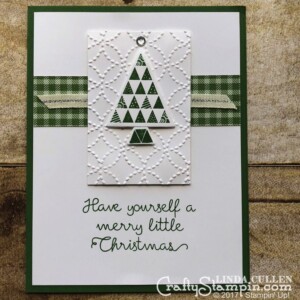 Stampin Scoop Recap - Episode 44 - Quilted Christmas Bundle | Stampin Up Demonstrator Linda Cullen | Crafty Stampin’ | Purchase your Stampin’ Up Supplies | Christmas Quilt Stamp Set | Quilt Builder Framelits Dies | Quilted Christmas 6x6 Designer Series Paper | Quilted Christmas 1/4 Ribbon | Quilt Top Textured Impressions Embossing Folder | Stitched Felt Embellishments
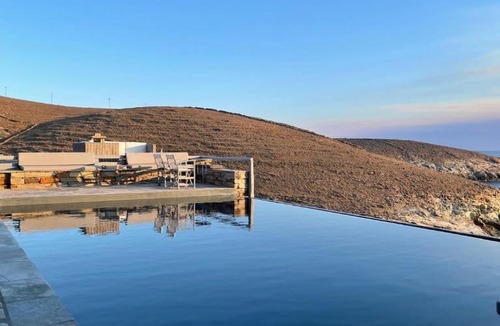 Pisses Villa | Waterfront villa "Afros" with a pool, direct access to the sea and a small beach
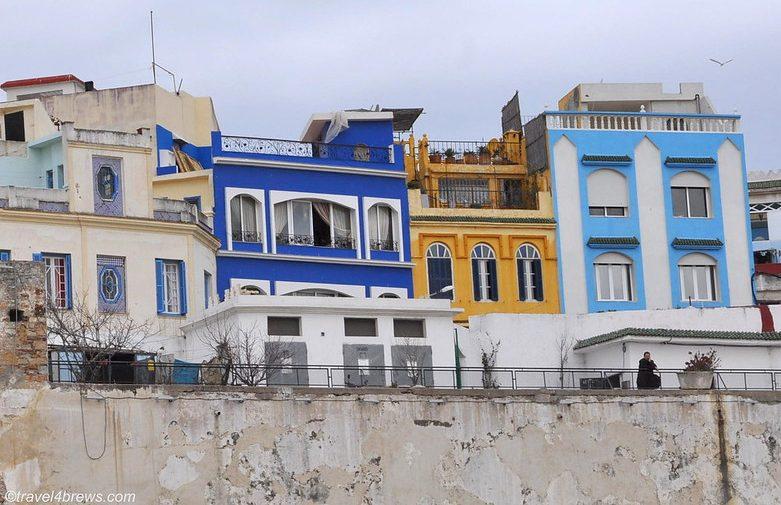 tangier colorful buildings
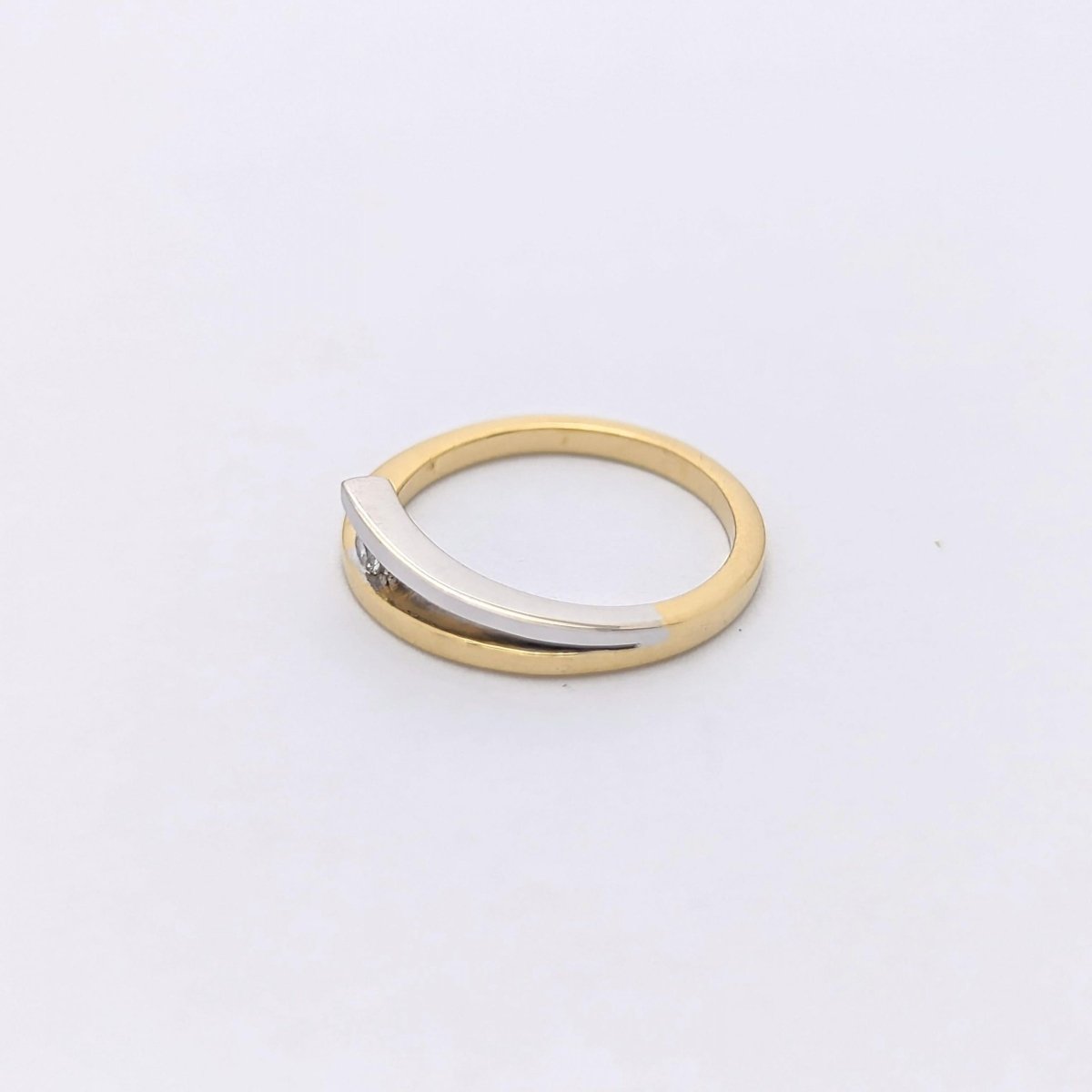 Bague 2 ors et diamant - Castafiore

----

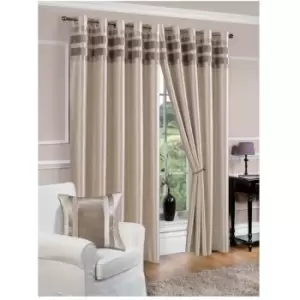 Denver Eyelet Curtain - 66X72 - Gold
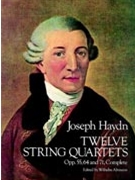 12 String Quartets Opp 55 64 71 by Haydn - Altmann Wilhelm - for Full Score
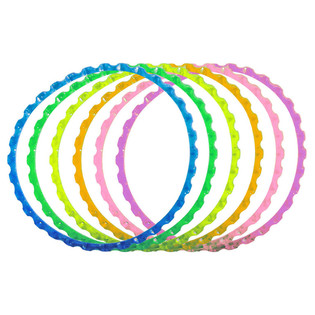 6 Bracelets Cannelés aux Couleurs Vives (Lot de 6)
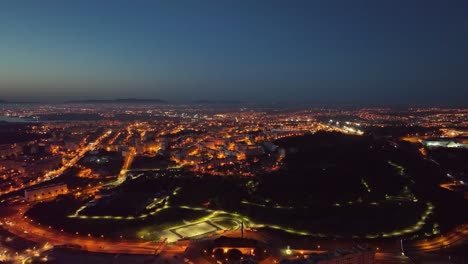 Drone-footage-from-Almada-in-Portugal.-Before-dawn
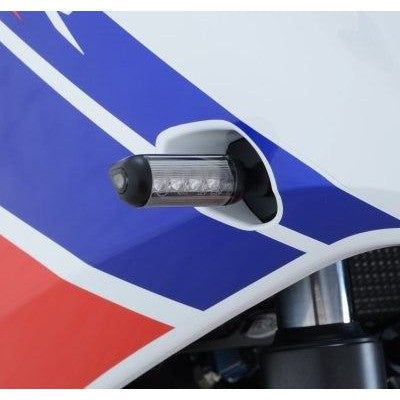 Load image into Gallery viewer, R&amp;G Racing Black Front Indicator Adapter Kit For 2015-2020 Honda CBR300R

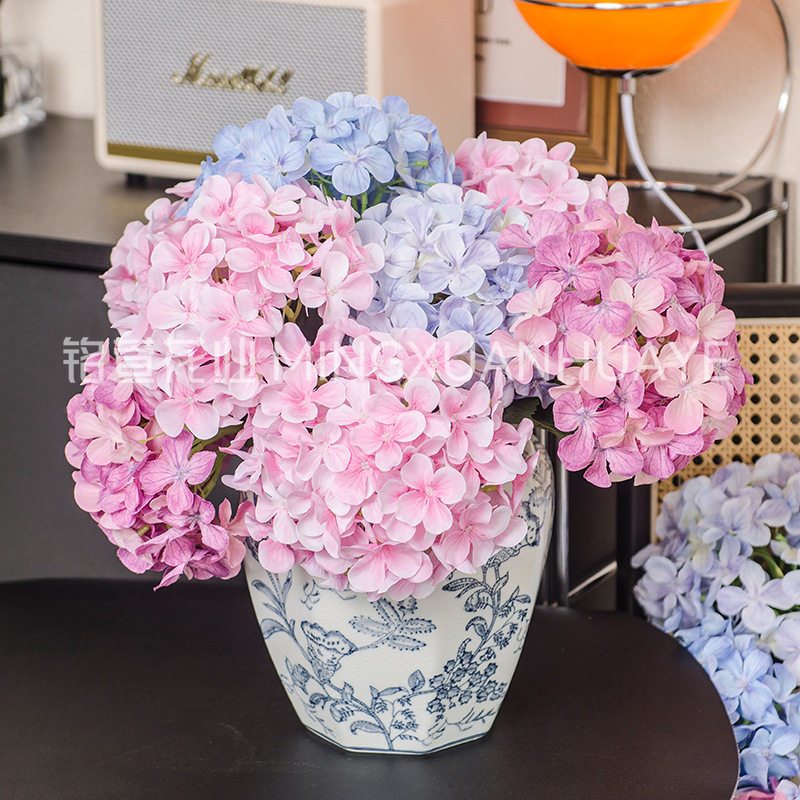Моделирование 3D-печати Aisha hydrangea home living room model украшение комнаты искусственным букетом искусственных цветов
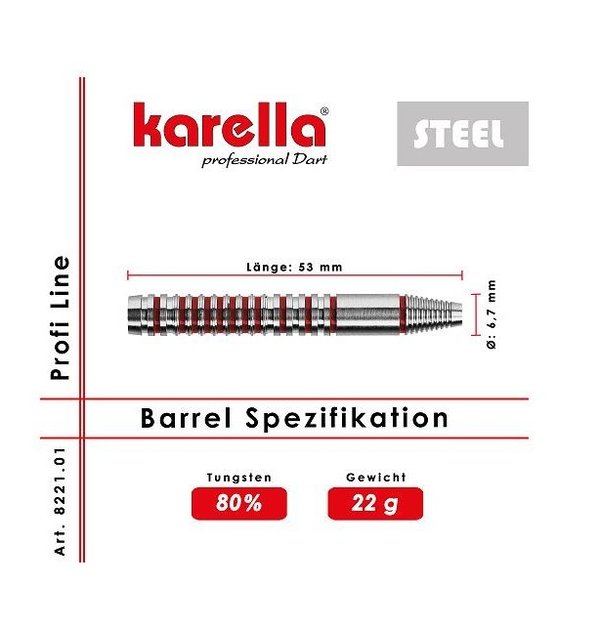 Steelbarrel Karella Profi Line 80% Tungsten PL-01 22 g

----

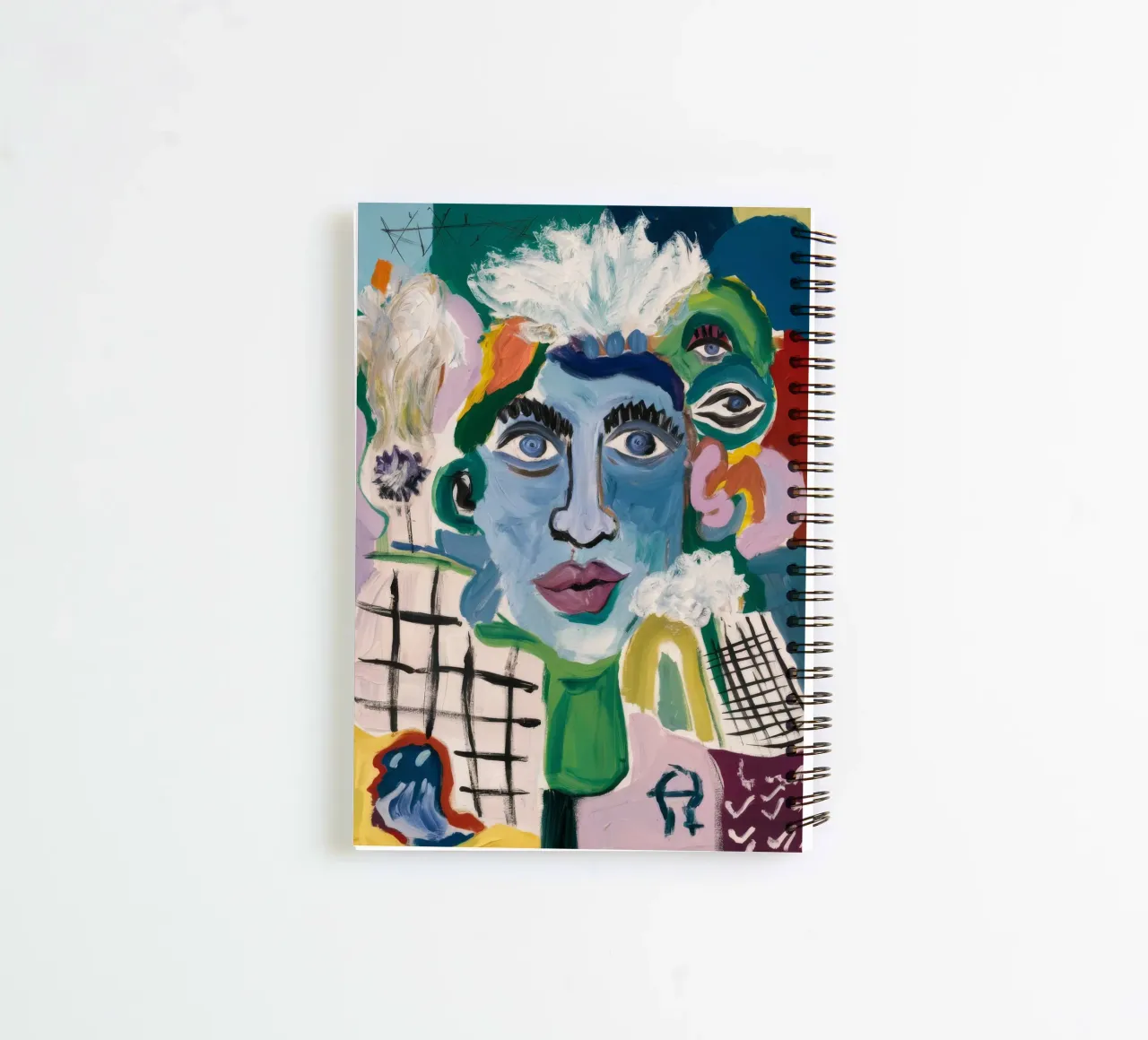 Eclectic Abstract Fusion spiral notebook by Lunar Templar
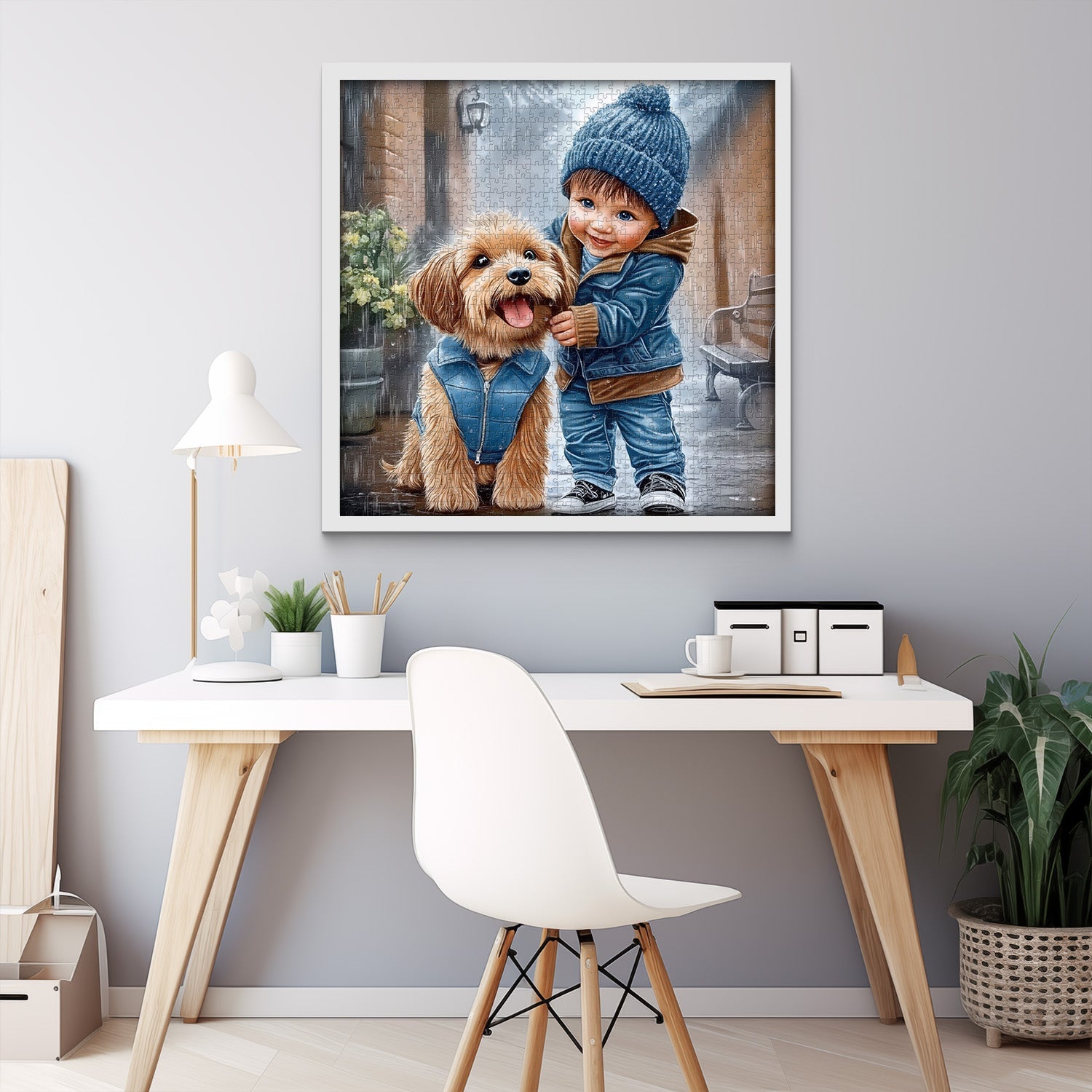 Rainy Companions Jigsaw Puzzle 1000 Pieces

----

### What is needed
When you reach the line that has "Моделирование 3D-печати Aisha" in the data above, start repeating lines exactly, and stop after the line that has "Steelbarrel Karella Profi"; pictures stay out.

### Solution to the exercise
Моделирование 3D-печати Aisha hydrangea home living room model украшение комнаты искусственным букетом искусственных цветов
 Steelbarrel Karella Profi Line 80% Tungsten PL-01 22 g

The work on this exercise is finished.